> **SOURCE RECORDS**
******

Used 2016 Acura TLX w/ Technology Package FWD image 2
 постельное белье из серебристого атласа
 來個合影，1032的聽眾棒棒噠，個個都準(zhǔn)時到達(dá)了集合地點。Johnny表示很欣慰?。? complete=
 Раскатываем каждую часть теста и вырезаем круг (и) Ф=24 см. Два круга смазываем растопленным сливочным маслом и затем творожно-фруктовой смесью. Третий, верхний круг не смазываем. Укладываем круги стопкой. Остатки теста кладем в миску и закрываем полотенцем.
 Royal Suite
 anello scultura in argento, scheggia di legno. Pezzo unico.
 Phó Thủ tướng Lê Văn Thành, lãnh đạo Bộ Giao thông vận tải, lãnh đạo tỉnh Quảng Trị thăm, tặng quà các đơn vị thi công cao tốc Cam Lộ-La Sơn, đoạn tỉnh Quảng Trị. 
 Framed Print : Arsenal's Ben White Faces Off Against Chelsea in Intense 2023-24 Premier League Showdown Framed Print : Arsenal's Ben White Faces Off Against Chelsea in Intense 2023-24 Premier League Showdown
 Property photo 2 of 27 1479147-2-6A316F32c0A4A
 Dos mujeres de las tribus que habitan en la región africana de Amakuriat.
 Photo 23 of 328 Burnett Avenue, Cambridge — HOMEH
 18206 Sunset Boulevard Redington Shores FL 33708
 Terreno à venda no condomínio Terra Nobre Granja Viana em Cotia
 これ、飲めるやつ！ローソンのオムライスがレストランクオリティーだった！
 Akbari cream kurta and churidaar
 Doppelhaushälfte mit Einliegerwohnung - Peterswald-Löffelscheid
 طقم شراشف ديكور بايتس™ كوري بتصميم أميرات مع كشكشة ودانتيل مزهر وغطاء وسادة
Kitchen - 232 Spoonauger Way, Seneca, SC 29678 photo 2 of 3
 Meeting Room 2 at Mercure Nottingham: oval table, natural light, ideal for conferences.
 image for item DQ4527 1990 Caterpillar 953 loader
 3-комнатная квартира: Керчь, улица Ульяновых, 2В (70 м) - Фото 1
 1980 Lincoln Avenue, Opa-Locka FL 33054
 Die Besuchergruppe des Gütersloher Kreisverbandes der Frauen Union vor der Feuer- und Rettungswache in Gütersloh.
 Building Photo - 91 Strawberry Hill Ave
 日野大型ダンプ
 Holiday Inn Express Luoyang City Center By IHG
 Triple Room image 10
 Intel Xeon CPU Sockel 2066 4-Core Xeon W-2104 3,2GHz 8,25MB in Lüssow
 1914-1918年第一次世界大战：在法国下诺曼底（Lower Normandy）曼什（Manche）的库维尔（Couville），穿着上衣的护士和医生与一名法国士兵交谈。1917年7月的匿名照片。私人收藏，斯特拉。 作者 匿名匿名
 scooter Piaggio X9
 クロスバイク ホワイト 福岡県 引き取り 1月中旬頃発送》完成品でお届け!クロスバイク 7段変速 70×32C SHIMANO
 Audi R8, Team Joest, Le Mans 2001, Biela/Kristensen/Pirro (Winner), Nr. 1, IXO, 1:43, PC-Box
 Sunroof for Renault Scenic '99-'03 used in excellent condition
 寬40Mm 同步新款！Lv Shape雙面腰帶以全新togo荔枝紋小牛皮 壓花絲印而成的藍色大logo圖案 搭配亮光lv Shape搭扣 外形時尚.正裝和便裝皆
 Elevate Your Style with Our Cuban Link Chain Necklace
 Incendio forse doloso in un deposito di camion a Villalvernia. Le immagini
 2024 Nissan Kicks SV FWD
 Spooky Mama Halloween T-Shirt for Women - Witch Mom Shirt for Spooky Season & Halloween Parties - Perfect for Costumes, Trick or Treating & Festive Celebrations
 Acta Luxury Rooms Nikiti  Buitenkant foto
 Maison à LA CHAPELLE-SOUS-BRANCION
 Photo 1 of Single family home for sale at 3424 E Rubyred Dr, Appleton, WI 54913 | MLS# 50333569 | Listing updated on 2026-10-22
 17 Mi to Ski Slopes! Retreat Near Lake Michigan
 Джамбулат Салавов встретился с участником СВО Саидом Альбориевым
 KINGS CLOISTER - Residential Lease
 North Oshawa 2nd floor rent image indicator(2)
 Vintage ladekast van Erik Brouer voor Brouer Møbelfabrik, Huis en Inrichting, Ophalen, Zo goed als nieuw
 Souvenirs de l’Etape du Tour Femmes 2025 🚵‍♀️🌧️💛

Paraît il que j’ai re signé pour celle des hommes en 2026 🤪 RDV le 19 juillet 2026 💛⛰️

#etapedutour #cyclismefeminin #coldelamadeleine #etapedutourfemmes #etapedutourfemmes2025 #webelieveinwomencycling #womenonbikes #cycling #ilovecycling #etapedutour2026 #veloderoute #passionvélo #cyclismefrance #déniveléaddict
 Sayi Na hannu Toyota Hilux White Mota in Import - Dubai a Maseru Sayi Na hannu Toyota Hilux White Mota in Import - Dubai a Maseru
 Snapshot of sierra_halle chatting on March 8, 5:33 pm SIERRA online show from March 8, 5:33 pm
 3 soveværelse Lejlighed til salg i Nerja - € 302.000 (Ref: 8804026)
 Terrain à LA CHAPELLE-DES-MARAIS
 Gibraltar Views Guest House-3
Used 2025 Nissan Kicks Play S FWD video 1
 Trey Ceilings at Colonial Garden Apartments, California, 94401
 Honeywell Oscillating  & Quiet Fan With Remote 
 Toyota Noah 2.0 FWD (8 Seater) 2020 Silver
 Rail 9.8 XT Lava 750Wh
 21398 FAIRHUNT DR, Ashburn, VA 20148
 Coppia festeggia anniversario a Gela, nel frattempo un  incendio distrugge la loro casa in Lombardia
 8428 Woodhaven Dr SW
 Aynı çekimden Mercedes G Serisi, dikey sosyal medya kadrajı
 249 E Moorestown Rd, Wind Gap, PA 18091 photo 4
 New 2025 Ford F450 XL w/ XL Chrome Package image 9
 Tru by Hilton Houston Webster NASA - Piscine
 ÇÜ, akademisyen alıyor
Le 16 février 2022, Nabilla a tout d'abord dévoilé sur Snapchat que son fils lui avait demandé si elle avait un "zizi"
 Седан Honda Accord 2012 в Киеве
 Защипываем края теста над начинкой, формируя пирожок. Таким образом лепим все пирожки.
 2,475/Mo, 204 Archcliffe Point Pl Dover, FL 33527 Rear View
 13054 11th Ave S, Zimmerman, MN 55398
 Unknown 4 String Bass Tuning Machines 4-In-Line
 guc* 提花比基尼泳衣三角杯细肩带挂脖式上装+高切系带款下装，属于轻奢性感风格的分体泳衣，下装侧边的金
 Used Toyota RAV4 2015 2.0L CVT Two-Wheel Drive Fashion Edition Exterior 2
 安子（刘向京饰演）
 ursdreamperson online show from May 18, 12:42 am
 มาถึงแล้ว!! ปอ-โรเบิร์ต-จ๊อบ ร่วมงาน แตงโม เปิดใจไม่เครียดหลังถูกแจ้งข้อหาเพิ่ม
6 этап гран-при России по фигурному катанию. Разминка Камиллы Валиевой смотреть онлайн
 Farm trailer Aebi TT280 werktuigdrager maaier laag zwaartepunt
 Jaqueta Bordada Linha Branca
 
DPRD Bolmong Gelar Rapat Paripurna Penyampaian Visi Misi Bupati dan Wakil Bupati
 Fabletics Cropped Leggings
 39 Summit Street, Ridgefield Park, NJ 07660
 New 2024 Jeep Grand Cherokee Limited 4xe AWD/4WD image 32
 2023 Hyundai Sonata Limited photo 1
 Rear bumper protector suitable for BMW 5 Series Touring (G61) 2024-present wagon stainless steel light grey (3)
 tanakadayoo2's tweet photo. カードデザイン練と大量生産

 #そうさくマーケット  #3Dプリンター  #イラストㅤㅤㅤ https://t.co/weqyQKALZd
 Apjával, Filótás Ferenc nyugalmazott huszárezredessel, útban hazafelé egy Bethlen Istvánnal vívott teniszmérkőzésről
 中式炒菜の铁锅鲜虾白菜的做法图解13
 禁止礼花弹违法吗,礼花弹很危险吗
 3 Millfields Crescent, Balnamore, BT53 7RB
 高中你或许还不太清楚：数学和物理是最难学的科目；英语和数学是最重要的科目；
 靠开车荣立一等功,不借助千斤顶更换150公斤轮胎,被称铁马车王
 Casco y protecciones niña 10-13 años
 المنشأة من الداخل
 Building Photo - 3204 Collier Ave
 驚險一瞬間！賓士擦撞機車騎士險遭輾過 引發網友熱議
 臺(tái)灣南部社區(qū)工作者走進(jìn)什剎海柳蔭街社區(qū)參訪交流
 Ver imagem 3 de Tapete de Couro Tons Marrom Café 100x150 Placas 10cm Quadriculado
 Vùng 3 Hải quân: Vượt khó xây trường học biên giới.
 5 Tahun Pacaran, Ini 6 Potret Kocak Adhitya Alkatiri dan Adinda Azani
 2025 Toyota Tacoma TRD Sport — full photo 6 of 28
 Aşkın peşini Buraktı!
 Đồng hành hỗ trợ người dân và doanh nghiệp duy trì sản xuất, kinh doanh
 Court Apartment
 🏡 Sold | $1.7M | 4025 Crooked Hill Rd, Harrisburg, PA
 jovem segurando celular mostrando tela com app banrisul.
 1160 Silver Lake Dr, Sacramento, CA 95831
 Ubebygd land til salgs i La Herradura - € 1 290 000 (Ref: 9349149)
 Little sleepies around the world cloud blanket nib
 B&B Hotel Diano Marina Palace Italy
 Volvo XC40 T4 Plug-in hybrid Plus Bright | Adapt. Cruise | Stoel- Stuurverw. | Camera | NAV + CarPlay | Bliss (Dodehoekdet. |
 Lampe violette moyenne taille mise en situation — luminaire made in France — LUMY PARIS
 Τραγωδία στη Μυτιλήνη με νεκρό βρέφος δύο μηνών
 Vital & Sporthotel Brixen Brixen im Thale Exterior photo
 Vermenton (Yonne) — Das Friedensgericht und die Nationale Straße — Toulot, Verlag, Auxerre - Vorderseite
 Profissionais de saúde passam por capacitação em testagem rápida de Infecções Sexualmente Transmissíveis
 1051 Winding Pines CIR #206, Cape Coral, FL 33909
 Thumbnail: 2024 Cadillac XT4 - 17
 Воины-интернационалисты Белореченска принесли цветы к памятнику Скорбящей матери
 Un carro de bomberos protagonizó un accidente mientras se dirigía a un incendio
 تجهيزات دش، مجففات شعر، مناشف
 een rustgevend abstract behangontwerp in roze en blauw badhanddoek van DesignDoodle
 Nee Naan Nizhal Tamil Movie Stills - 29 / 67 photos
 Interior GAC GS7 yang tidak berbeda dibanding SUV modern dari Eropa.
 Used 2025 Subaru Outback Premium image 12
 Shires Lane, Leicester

******

In the records above, return precisely the line containing "Un carro de" and each line that comes after it, up to the final one.

 Un carro de bomberos protagonizó un accidente mientras se dirigía a un incendio
 تجهيزات دش، مجففات شعر، مناشف
 een rustgevend abstract behangontwerp in roze en blauw badhanddoek van DesignDoodle
 Nee Naan Nizhal Tamil Movie Stills - 29 / 67 photos
 Interior GAC GS7 yang tidak berbeda dibanding SUV modern dari Eropa.
 Used 2025 Subaru Outback Premium image 12
 Shires Lane, Leicester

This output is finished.